Several years ago, a company called Correlated Magnetic Research introduced to the world the idea of a magnetic field printer with the Mini MagPrinter. It sold for a whopping $45,000, which limited it to businesses and well-funded universities. They eventually changed their company to Polymagnet and now focus on making the magnets themselves. It appears, however, that they’ve refined their printer for a higher resolution. Skip to 2:45 in this video to see the Mini MagPrinter in action. Now skip to 7.25 in this video to see their next generation printer. Now lets figure out how they work.
What We Know
Firstly, you can toss your Kickstarter idea in the recycle bin because they hold several patents for their printer. But that doesn’t mean you can’t make one in your garage or for your hackerspace. Their machine might have cost $45k, but we’d be willing to bet a dozen Raspberry Pi Zeros that you could make one for two orders of magnitude less. But first we need to know how it works. Let’s look at the science first.
The Curie Point
The Curie Point is a temperature where a magnet loses its magnetic field. It is theorized that magnetism arises from the spin and angular momentum of electrons. If you get them lined up correctly, you get a magnet. When you heat the metal past the Curie Point, this alignment gets all messed up and you lose the magnetic properties. And, of course, you can align the atoms back up by introducing the metal to a strong magnetic field.

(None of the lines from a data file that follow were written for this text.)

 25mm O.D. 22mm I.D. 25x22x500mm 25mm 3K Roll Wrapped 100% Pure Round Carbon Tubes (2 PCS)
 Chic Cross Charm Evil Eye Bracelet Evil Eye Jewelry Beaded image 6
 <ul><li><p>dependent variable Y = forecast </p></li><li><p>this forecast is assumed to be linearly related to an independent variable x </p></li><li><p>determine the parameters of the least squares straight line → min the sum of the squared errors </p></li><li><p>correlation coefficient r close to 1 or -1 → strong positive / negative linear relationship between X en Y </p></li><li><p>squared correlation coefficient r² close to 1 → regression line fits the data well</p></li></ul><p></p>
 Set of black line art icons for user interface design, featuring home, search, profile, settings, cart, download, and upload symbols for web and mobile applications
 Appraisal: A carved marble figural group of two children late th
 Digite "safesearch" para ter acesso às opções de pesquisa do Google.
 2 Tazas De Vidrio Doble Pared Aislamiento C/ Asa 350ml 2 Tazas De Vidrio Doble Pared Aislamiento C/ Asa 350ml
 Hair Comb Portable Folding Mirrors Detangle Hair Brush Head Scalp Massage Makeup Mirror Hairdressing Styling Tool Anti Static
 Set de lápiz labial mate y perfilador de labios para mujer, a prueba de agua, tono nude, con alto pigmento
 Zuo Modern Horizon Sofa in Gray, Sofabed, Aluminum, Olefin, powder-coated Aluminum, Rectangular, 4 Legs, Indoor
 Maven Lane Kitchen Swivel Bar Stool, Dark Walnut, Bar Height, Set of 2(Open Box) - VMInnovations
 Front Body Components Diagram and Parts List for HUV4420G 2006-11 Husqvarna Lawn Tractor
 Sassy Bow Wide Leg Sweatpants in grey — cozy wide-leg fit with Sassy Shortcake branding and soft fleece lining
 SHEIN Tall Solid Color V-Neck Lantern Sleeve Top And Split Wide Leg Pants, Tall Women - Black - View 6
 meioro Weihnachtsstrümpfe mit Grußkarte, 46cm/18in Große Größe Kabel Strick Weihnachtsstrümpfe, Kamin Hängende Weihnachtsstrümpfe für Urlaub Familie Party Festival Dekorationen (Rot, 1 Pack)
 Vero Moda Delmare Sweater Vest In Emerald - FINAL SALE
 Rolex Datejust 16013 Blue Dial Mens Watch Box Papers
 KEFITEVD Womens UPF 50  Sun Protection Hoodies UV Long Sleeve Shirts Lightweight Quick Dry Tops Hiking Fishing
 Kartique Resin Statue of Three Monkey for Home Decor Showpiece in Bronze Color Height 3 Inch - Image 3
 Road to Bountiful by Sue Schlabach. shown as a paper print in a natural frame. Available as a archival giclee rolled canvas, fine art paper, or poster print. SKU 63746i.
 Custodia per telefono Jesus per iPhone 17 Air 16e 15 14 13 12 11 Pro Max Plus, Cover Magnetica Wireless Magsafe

A Halbach array is created when smaller magnets are arranged so their magnetic fields are focused in a particular direction and cancel out in another direction. The magnets made by the magnetic field printer can be considered Halbach arrays.
How It Works
Everything begins with a blank Neodymium magnet. We’re all familiar with CNC technology, so we’ll focus on the magnetic field printing head itself. Reading through the comments of the original article, many believe that it uses a combination of heating to exceed the Curie Point and a high strength electromagnet to “write” the magnetic field into the blank. However, after looking closely at this patent, it appears this is not the case. There is no heating involved. The printer head consists of “an inductor coil having multiple layers and a hole extending through the multiple layers” and works by “emitting from the inductor coil a magnetic field that magnetizes an area on a surface of the magnetizable material…”. In short, it’s just a strong, local magnetic field.
Make Your Own
Now that you have a basic idea of how to print magnetic fields, you can start working on one of your own design. You already know how to make 3d printers and laser cutters. Just take one of these designs and replace the head with your custom-built magnetic printer head, whip up some software and bring this technology into the open source community. Blank Neodymium magnets and magnetic field viewing film are fairly cheap. First one to print the skull and wrenches logo gets a free t-shirt!